1. Overview
When we work with the command-line under Linux, we often need to process text files. In this tutorial, we’ll address different ways to remove the last n lines from an input file.
Also, we’ll discuss the performance of those approaches.
2. Introduction to the Example
First of all, let’s create an input file to understand the problem:
$ cat input.txt
01 is my line number. Keep me please!
02 is my line number. Keep me please!
03 is my line number. Keep me please!
04 is my line number. Keep me please!
05 is my line number. Keep me please!
06 is my line number. Keep me please!
07 is my line number. Keep me please!
08 is my line number. Delete me please!
09 is my line number. Delete me please!
10 is my line number. Delete me please!
As the output above shows, our input.txt contains ten lines.
Now, suppose we want to remove the last three (n=3) lines from the input.txt file.
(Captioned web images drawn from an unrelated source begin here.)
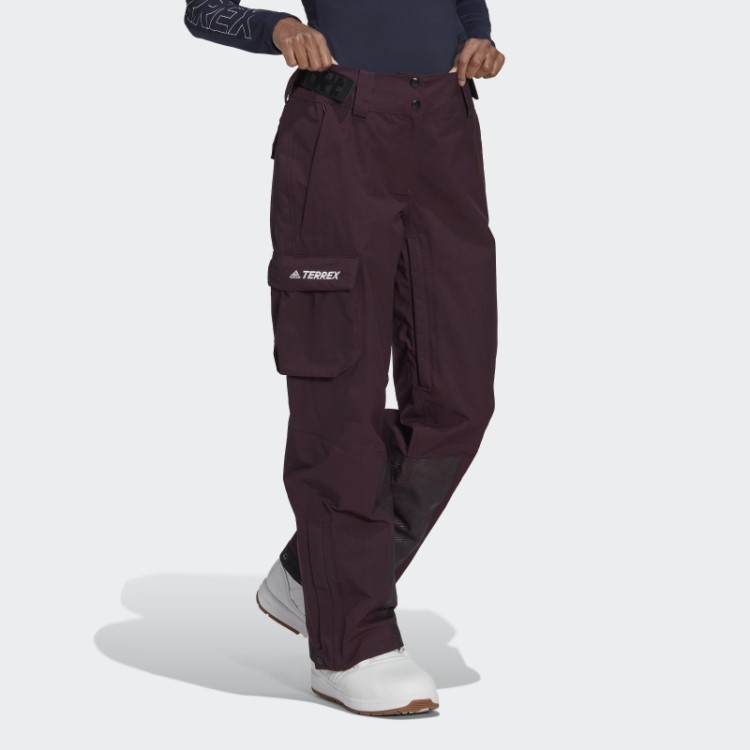 Calça De Neve De Nylon Pós-consumo Terrex De 3 Camadas Marrom Adidas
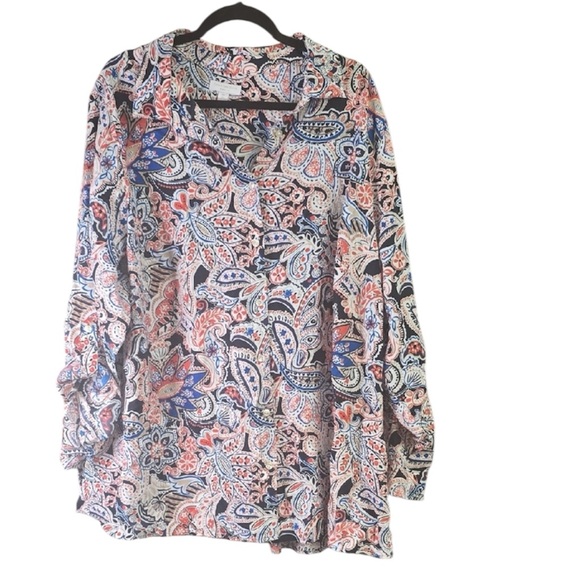 Charter Club Tops - NWT Charter Club Multicolor Paisley Print Blouse Size 3X
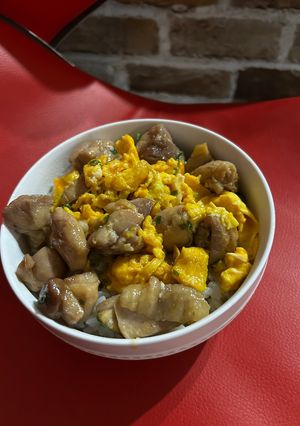 簡単！鶏玉丼-レシピのメイン写真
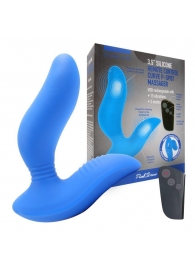 Синий вибромассажер простаты 3,5’’ Remote Control Curve P-spot Massager - 12 см. - Erokay - в Магнитогорске купить с доставкой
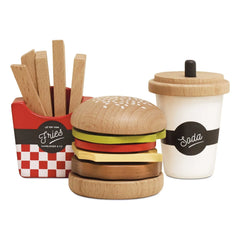 Le Toy Van - Burger, patates kızartması ve gazlı içecekler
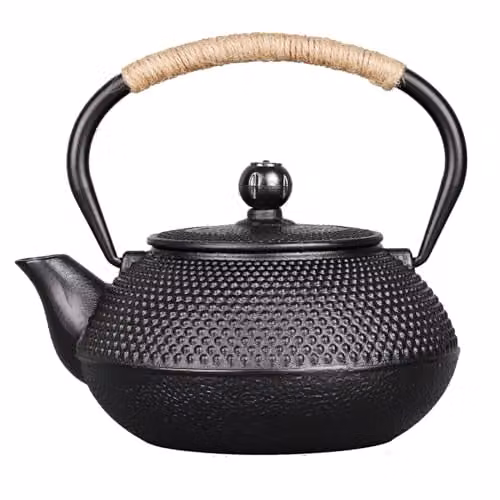 Gr8 Home Black Japanese Style Cast Iron Teapot with Infuser, 800ml – 1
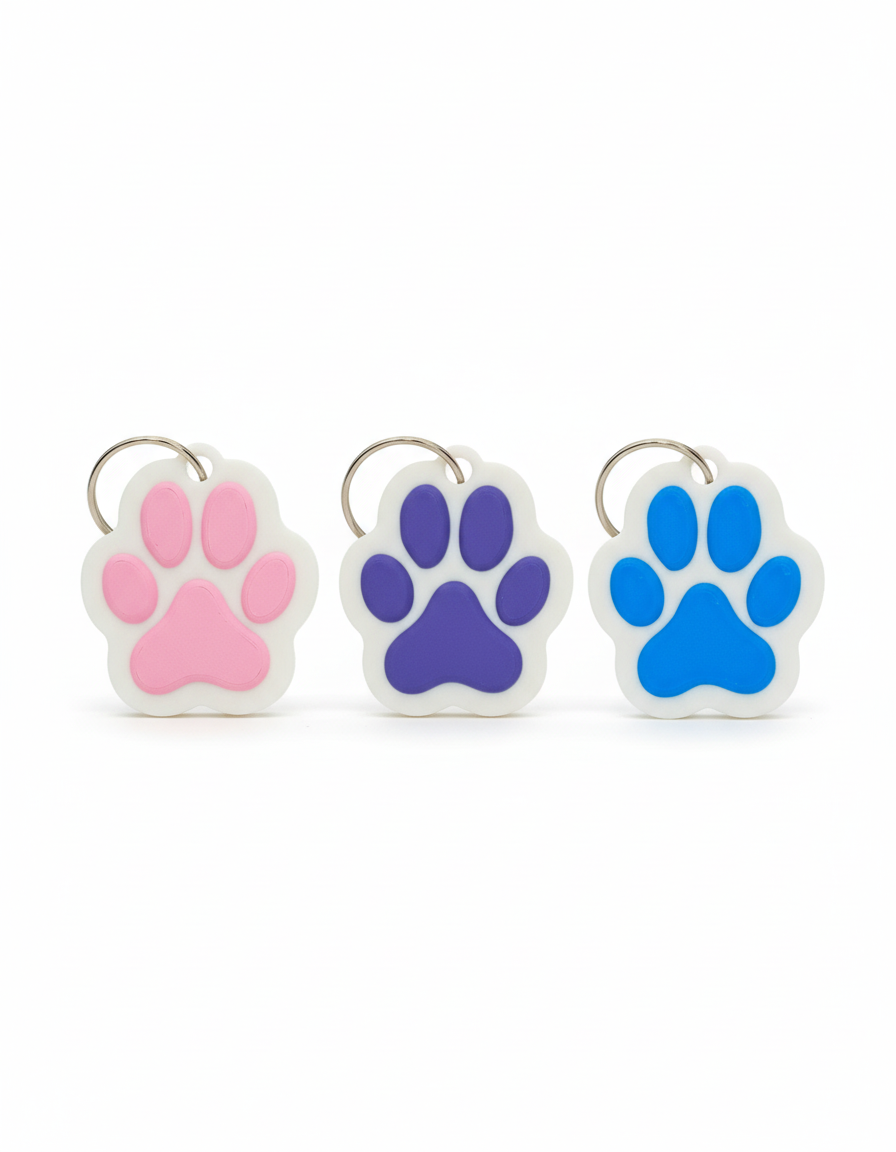 Paw Print Keychains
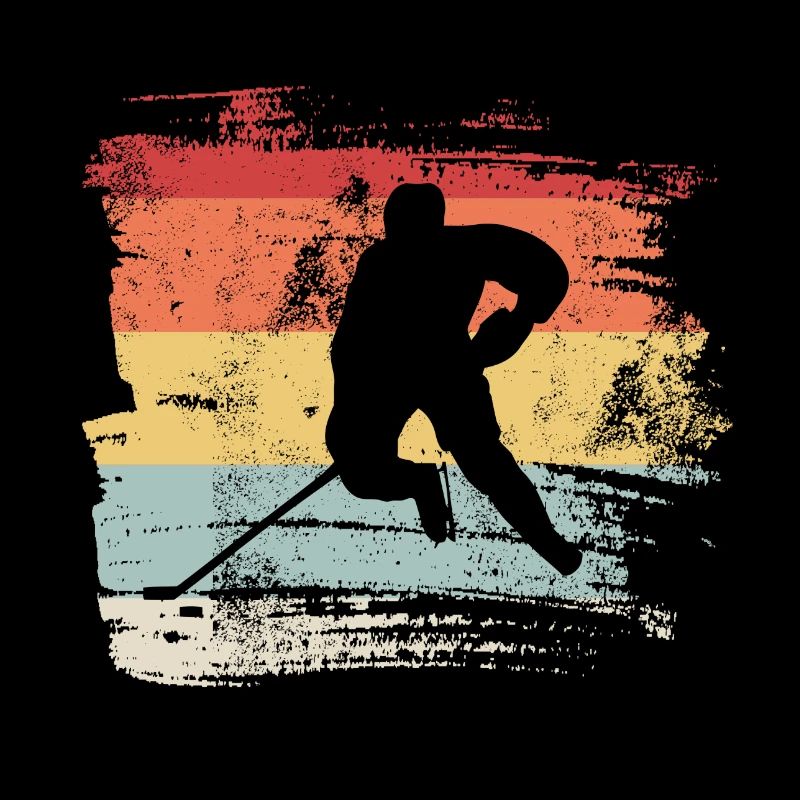 Retro Hockey Hockeyschlaeger Geschenk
In this tutorial, we’ll address solutions to the problem using four techniques:
- Using the head command
- Using the wc and the sed commands
- Using the tac and the sed commands
- Using the awk command
After that, we’ll discuss the performance of the solutions and find out which is the most efficient approach to the problem.
3. Using the head Command
Using the head command, we can print all lines but the last x lines of the file by passing a number following the hyphen (-) together with the -n option, for instance, -n -x.
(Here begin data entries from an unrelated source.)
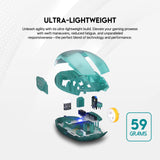 Fantech aria xd7 huano super lightweight gaming mouse with mousepad - Fun Touch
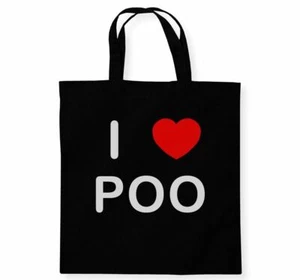 Poo I Love Tasche wiederverwendbar Baumwolle Einkaufstasche - Bild 1 von 8
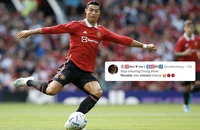 Ronaldo bị fan chế giễu sau trận đấu đáng quên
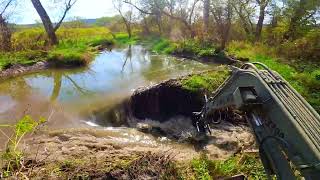 Using an Excavator to remove Large Beaver Dams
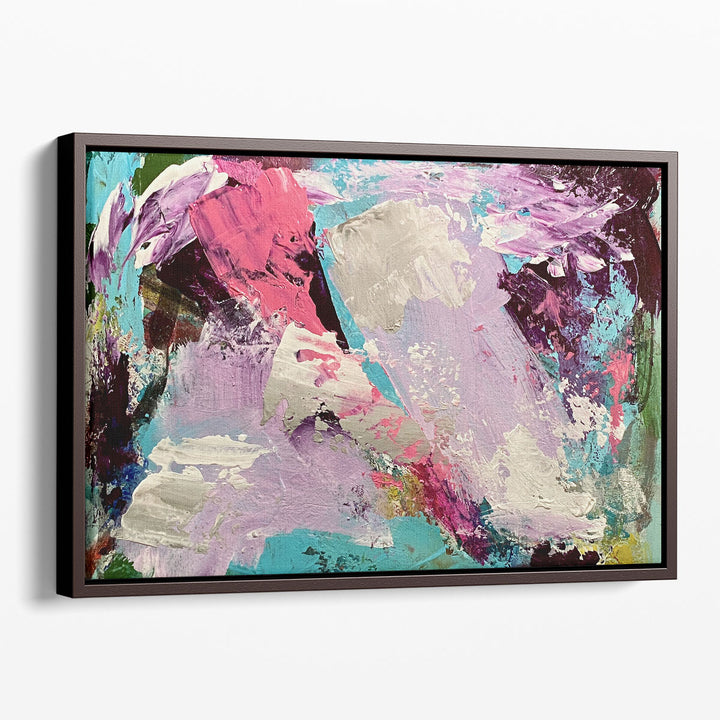 colorful abstract art bold brushstroke pattern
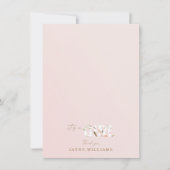 女の子の赤面赤ちゃんシャワーありがとう招待状 招待状 (正面)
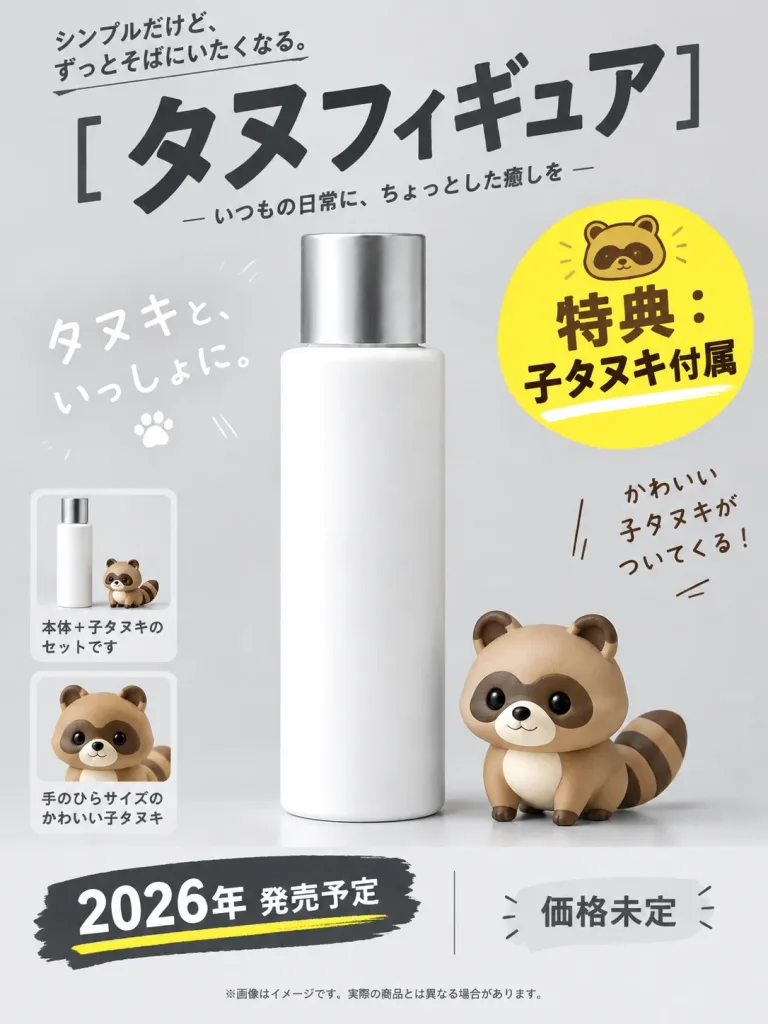 Japanese Raccoon Figure Product Advertisement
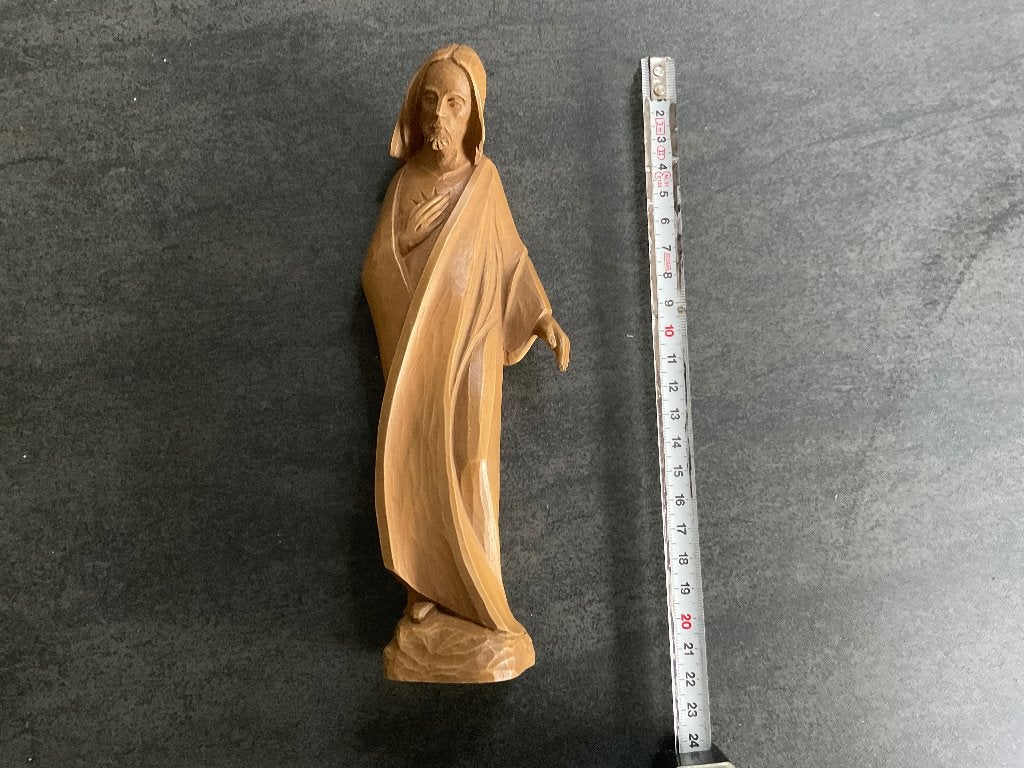 Heilig hart beeld, hoogte 21 cm, Antiek en Kunst, Ophalen of Verzenden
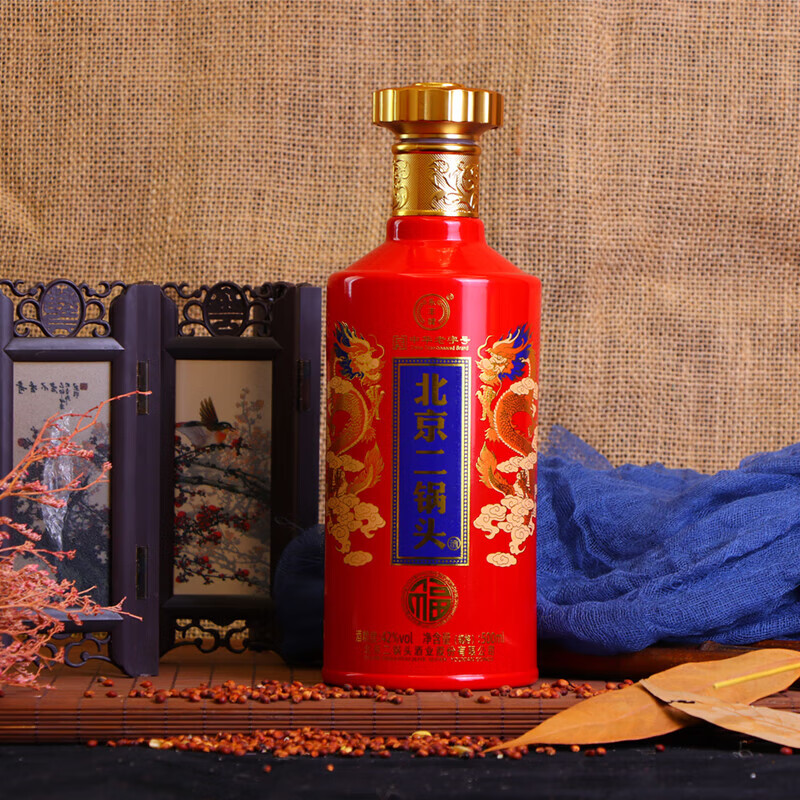 永丰牌北京二锅头 清香型纯粮食酒 婚宴喜酒 白酒整箱装 宴请送礼酒 42度 500mL 6瓶 龙福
Therefore, we can use this option to solve our problem in a straightforward way:
$ head -n -3 input.txt
01 is my line number. Keep me please!
02 is my line number. Keep me please!
03 is my line number. Keep me please!
04 is my line number. Keep me please!
05 is my line number. Keep me please!
06 is my line number. Keep me please!
07 is my line number. Keep me please!
But the head command prints the result in stdin. We can save the result back to input.txt via a temp file:
$ head -n -3 input.txt > tmp.txt && mv tmp.txt input.txt
4. Using the wc and sed Commands
Using the sed command and its address range, we can quickly delete lines from a file starting at a given line number until the last line:
sed 'GIVEN_LINE_NO, $ d' input_file
For example, let’s delete from line 5 until the end of our input.txt:
$ sed '5,$ d' input.txt
01 is my line number. Keep me please!
02 is my line number. Keep me please!
03 is my line number. Keep me please!
04 is my line number. Keep me please!
However, our problem is to delete the last three lines from the input file. Since our input file has ten lines, the sed command: sed ‘8,$ d’ input.txt will be the solution to the problem.
Thus, the problem turns into how to calculate the line number “8“, which is the first line number to be deleted.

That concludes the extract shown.